Requirement
Print the whole listing, keeping every line exactly as given.

:::

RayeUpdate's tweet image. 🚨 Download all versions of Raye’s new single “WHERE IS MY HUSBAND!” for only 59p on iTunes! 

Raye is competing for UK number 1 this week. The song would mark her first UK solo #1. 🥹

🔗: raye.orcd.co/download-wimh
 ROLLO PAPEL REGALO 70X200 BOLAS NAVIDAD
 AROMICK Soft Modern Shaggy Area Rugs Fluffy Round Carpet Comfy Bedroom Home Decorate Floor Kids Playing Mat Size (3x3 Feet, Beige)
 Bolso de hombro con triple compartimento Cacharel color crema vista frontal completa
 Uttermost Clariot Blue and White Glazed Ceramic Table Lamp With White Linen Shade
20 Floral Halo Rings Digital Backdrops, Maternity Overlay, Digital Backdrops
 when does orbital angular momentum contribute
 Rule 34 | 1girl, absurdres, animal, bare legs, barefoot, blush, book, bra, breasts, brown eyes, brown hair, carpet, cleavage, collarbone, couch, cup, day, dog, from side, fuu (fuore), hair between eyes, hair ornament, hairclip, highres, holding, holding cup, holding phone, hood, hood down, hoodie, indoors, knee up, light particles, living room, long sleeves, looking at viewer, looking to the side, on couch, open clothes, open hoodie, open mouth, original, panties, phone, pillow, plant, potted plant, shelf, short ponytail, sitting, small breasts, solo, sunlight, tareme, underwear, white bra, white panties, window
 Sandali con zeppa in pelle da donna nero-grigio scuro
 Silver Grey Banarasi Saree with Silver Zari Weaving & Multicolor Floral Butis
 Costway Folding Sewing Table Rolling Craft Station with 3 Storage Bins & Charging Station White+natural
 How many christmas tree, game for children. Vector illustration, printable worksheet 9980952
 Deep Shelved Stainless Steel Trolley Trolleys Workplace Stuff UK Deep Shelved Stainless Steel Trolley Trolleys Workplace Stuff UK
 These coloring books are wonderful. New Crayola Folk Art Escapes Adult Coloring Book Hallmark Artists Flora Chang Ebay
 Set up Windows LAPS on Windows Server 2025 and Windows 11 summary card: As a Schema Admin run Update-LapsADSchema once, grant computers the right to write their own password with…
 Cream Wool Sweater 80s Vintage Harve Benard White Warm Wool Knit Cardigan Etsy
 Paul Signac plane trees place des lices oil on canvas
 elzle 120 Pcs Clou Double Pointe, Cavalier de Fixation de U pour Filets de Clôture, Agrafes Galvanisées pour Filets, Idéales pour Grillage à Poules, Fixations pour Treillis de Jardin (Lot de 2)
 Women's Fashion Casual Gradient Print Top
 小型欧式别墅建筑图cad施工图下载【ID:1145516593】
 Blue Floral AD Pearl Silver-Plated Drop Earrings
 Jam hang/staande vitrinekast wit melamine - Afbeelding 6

:::

Expected answer
RayeUpdate's tweet image. 🚨 Download all versions of Raye’s new single “WHERE IS MY HUSBAND!” for only 59p on iTunes! 

Raye is competing for UK number 1 this week. The song would mark her first UK solo #1. 🥹

🔗: raye.orcd.co/download-wimh
 ROLLO PAPEL REGALO 70X200 BOLAS NAVIDAD
 AROMICK Soft Modern Shaggy Area Rugs Fluffy Round Carpet Comfy Bedroom Home Decorate Floor Kids Playing Mat Size (3x3 Feet, Beige)
 Bolso de hombro con triple compartimento Cacharel color crema vista frontal completa
 Uttermost Clariot Blue and White Glazed Ceramic Table Lamp With White Linen Shade
20 Floral Halo Rings Digital Backdrops, Maternity Overlay, Digital Backdrops
 when does orbital angular momentum contribute
 Rule 34 | 1girl, absurdres, animal, bare legs, barefoot, blush, book, bra, breasts, brown eyes, brown hair, carpet, cleavage, collarbone, couch, cup, day, dog, from side, fuu (fuore), hair between eyes, hair ornament, hairclip, highres, holding, holding cup, holding phone, hood, hood down, hoodie, indoors, knee up, light particles, living room, long sleeves, looking at viewer, looking to the side, on couch, open clothes, open hoodie, open mouth, original, panties, phone, pillow, plant, potted plant, shelf, short ponytail, sitting, small breasts, solo, sunlight, tareme, underwear, white bra, white panties, window
 Sandali con zeppa in pelle da donna nero-grigio scuro
 Silver Grey Banarasi Saree with Silver Zari Weaving & Multicolor Floral Butis
 Costway Folding Sewing Table Rolling Craft Station with 3 Storage Bins & Charging Station White+natural
 How many christmas tree, game for children. Vector illustration, printable worksheet 9980952
 Deep Shelved Stainless Steel Trolley Trolleys Workplace Stuff UK Deep Shelved Stainless Steel Trolley Trolleys Workplace Stuff UK
 These coloring books are wonderful. New Crayola Folk Art Escapes Adult Coloring Book Hallmark Artists Flora Chang Ebay
 Set up Windows LAPS on Windows Server 2025 and Windows 11 summary card: As a Schema Admin run Update-LapsADSchema once, grant computers the right to write their own password with…
 Cream Wool Sweater 80s Vintage Harve Benard White Warm Wool Knit Cardigan Etsy
 Paul Signac plane trees place des lices oil on canvas
 elzle 120 Pcs Clou Double Pointe, Cavalier de Fixation de U pour Filets de Clôture, Agrafes Galvanisées pour Filets, Idéales pour Grillage à Poules, Fixations pour Treillis de Jardin (Lot de 2)
 Women's Fashion Casual Gradient Print Top
 小型欧式别墅建筑图cad施工图下载【ID:1145516593】
 Blue Floral AD Pearl Silver-Plated Drop Earrings
 Jam hang/staande vitrinekast wit melamine - Afbeelding 6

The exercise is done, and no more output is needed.